Goal of the exercise: An exact copy of the data is needed, but without any of its images.

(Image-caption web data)
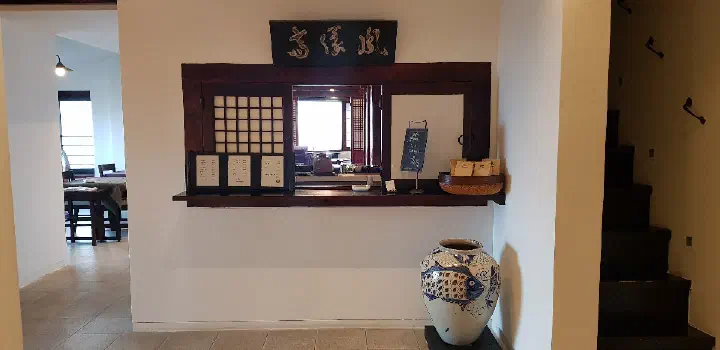 Order counter at Bibibidang tea house with a fish-painted ceramic jar beside it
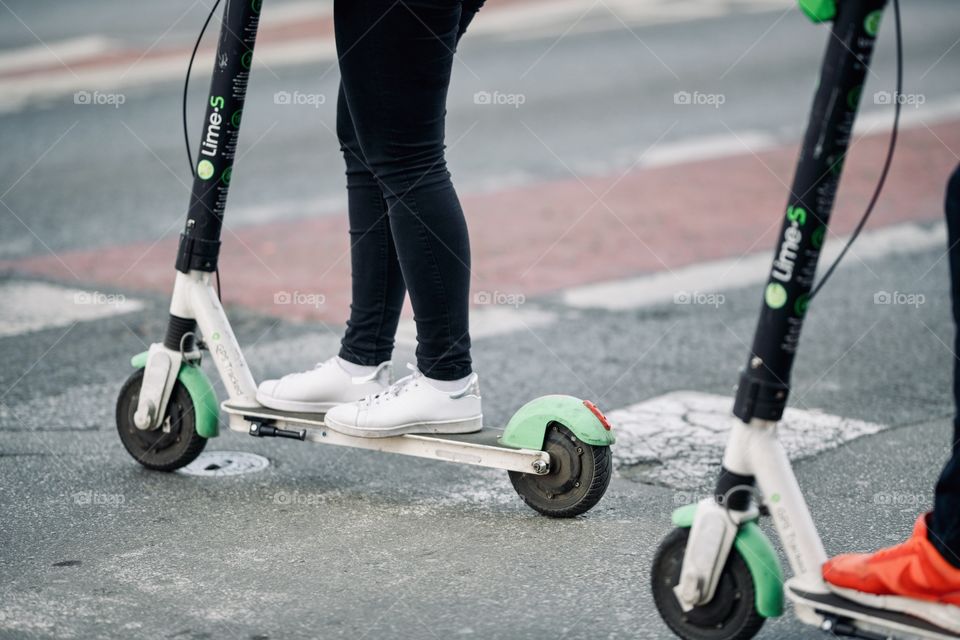 youth moves around the city on scooters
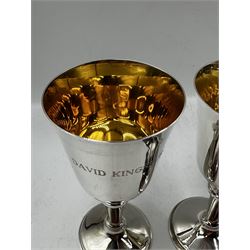 Set of twelve silver goblets with gilded interiors, tapering stems and circular foot, each engraved with a different name H16cm Birmingham 1968, 1972 and 1973 Maker W I Broadway & Co 60oz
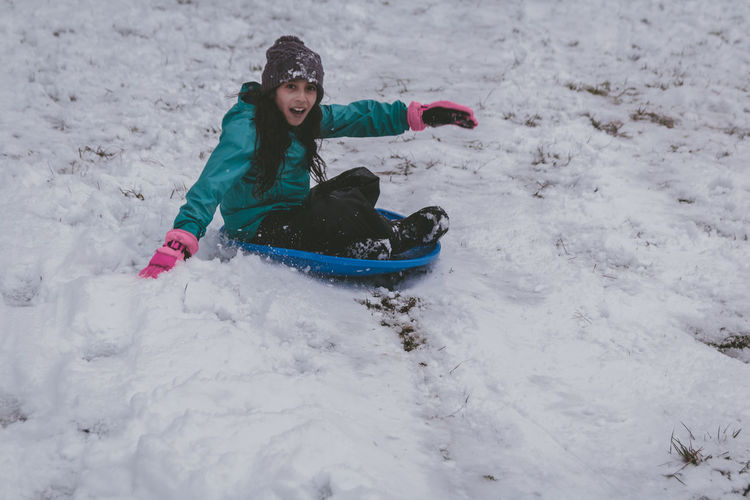 Full length of girl sitting on bobsled in snow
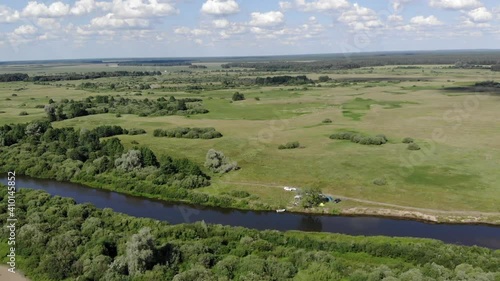 A large green field with trees in the background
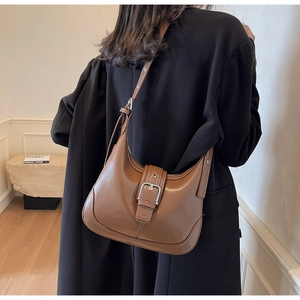 Dettaglio borsa a spalla in pelle marrone con fibbia argentata su modella in posa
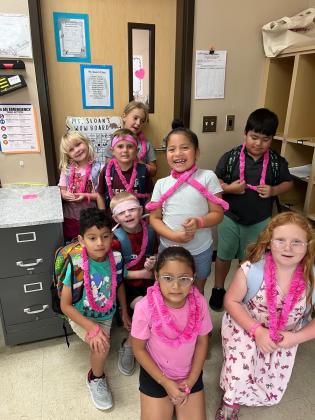 More SSES First Graders celebrating our SS County Cancer Survivors!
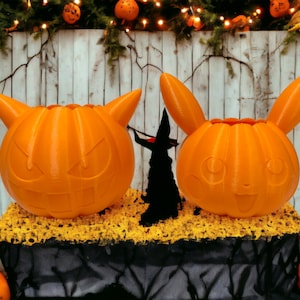 Puede incluir: Dos decoraciones de Halloween de color naranja en forma de calabaza con caras talladas. Una calabaza tiene forma de Pikachu y la otra tiene forma de demonio. Ambas calabazas están sobre una superficie negra con musgo amarillo.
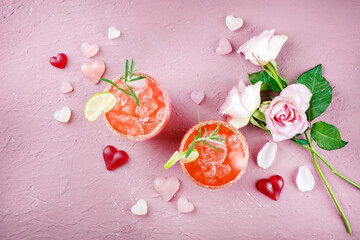 Fototapeta Klassischer Rosa Daiquiri mit Rum, Orangen Likör und Limetten Saft serviert als Valentinstag Geschenk in zwei Gläsern und dekoriert mit Rosen und Herzen obraz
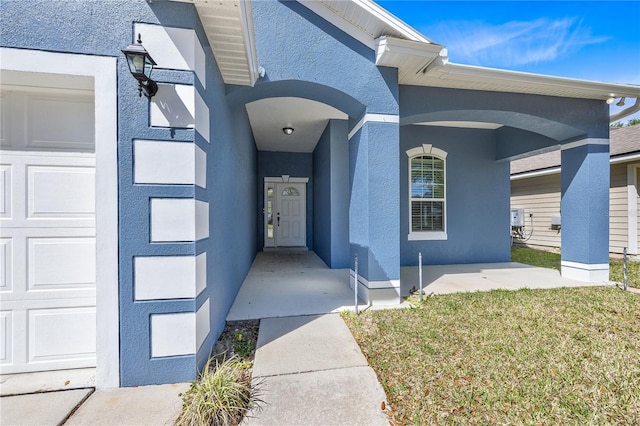 view of exterior entry featuring a lawn and a garage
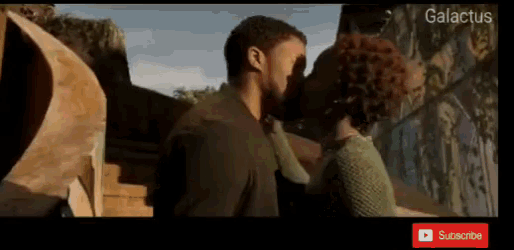 a man and woman kissing in front of a sign that says " galactus "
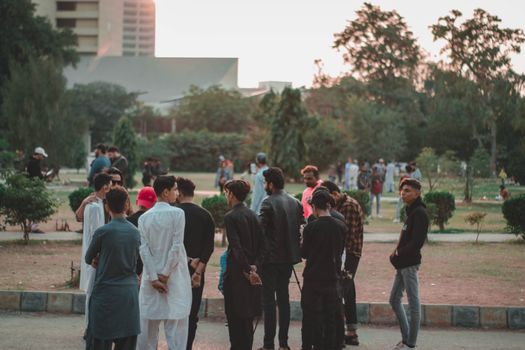 A group of young adults gathered in an outdoor park setting, enjoying a casual day. - Fotografer Sidoarjo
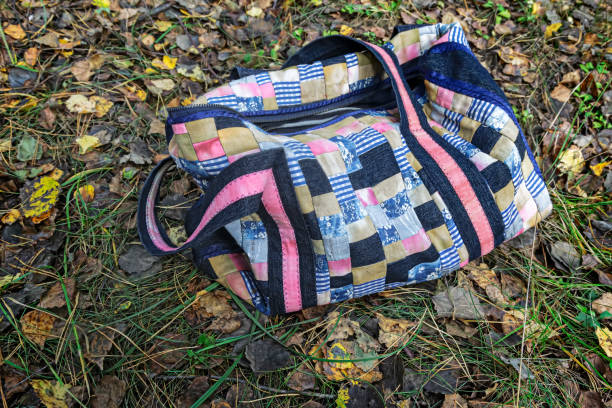 Knitted eco-friendly handbag with knitting tools in a creative studio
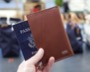 thumb of passport wallet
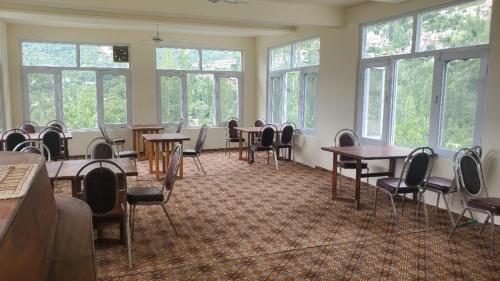 a conference room with tables and chairs and windows at Ultar House in Karimabad Hunza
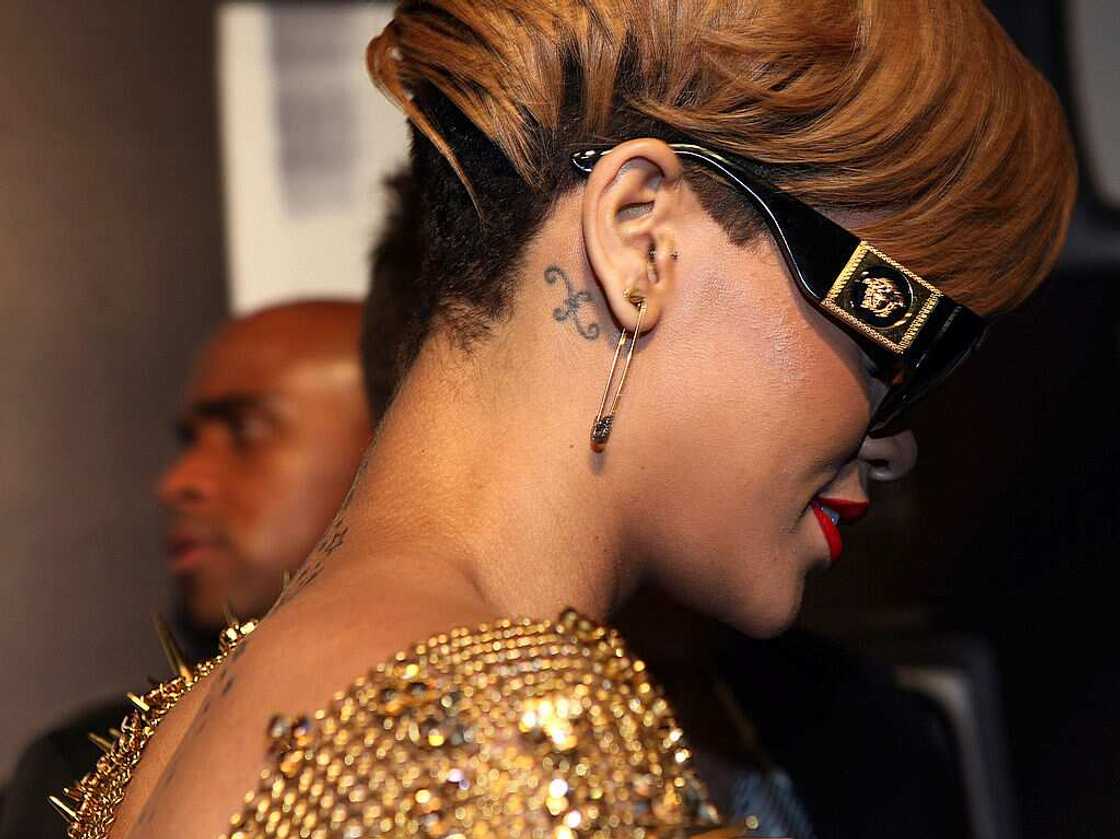 Rihanna neck's tattoos Rihanna neck's tattoos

Result of this exercise:
 Order counter at Bibibidang tea house with a fish-painted ceramic jar beside it
 youth moves around the city on scooters
 Set of twelve silver goblets with gilded interiors, tapering stems and circular foot, each engraved with a different name H16cm Birmingham 1968, 1972 and 1973 Maker W I Broadway & Co 60oz
 Full length of girl sitting on bobsled in snow
 A large green field with trees in the background
 Dettaglio borsa a spalla in pelle marrone con fibbia argentata su modella in posa
 More SSES First Graders celebrating our SS County Cancer Survivors!
 Puede incluir: Dos decoraciones de Halloween de color naranja en forma de calabaza con caras talladas. Una calabaza tiene forma de Pikachu y la otra tiene forma de demonio. Ambas calabazas están sobre una superficie negra con musgo amarillo.
 Fototapeta Klassischer Rosa Daiquiri mit Rum, Orangen Likör und Limetten Saft serviert als Valentinstag Geschenk in zwei Gläsern und dekoriert mit Rosen und Herzen obraz
 view of exterior entry featuring a lawn and a garage
 a man and woman kissing in front of a sign that says " galactus "
 A group of young adults gathered in an outdoor park setting, enjoying a casual day. - Fotografer Sidoarjo
 Knitted eco-friendly handbag with knitting tools in a creative studio
 thumb of passport wallet
 a conference room with tables and chairs and windows at Ultar House in Karimabad Hunza
 Rihanna neck's tattoos Rihanna neck's tattoos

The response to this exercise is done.